A decisão do STJ, assinada pelo ministro Herman Benjamin, suspendeu uma liminar do Tribunal de Justiça do Rio de Janeiro (TJRJ) que permitia a reabertura da refinaria. A Procuradoria-Geral da Fazenda Nacional (PGFN) justificou o pedido de manutenção da interdição, alegando risco de “grave lesão à economia e à ordem pública” caso a Refit voltasse a operar.
Haddad informou que a procuradora da Fazenda Nacional, Anelize Lenzi, irá ao Rio de Janeiro para discutir com a Procuradoria-Geral do Estado (PGE-RJ) os detalhes da interdição. Segundo ele, a cooperação entre as instituições é essencial para “asfixiar o que irriga o crime organizado”, impedindo que ele se abasteça de recursos para compra de armamentos e aliciamento.
O governo do Rio de Janeiro havia recorrido ao TJRJ sob o argumento de que a paralisação da refinaria impactaria negativamente a arrecadação estadual, em um momento em que o estado se encontra sob o Regime de Recuperação Fiscal. Contudo, Haddad argumenta que a retomada do turismo e dos investimentos, atualmente prejudicados pela violência, seria uma forma mais eficaz de garantir as receitas do estado. “Ninguém pode imaginar que cenas como as de ontem, com mais de 120 mortes em operações policiais, vão atrair turista, investimento ou aumentar arrecadação”, afirmou o ministro.
Haddad também rebateu as críticas do governador do Rio de Janeiro, que havia reclamado da suposta falta de apoio federal no envio de blindados para ações contra o tráfico. Para o ministro, o combate ao crime organizado “não pode ser tratado como disputa eleitoral”.
A Refinaria de Manguinhos foi interditada em setembro pela Agência Nacional do Petróleo, Gás Natural e Biocombustíveis (ANP) após a Operação Cadeia de Carbono, da Receita Federal, detectar irregularidades. A investigação apura a possível infiltração do Primeiro Comando da Capital (PCC) no mercado de combustíveis.

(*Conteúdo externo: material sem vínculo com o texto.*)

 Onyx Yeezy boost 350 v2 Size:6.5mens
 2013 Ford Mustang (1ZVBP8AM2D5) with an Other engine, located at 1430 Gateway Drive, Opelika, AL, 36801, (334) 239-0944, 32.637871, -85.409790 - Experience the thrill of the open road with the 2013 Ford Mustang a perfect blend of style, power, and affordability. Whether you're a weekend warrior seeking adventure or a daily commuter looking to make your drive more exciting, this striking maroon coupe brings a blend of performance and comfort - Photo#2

O Fisco acusa a Refit de ser uma “sonegadora contumaz”, com dívidas que ultrapassam 80% dos tributos federais e estaduais entre 2022 e 2024. A empresa também é acusada de falsificar declarações fiscais para reduzir o valor dos impostos devidos.
Em nota, a Refit criticou a ANP e a Receita Federal, alegando que a interdição é baseada em “contradições e inconsistências”. A empresa também acusou a ANP de conflito de interesses, alegando que a agência teria consultado a Petrobras sobre assumir parte do mercado antes da interdição.
O Instituto Combustível Legal (ICL) também se manifestou, enviando um ofício à ANP e ao Ministério Público Federal pedindo a suspensão imediata de qualquer atividade da Refit. A entidade alega que a autorização para a formulação e comercialização de combustíveis sem a comprovação do refino viola regras técnicas da agência e cria insegurança regulatória.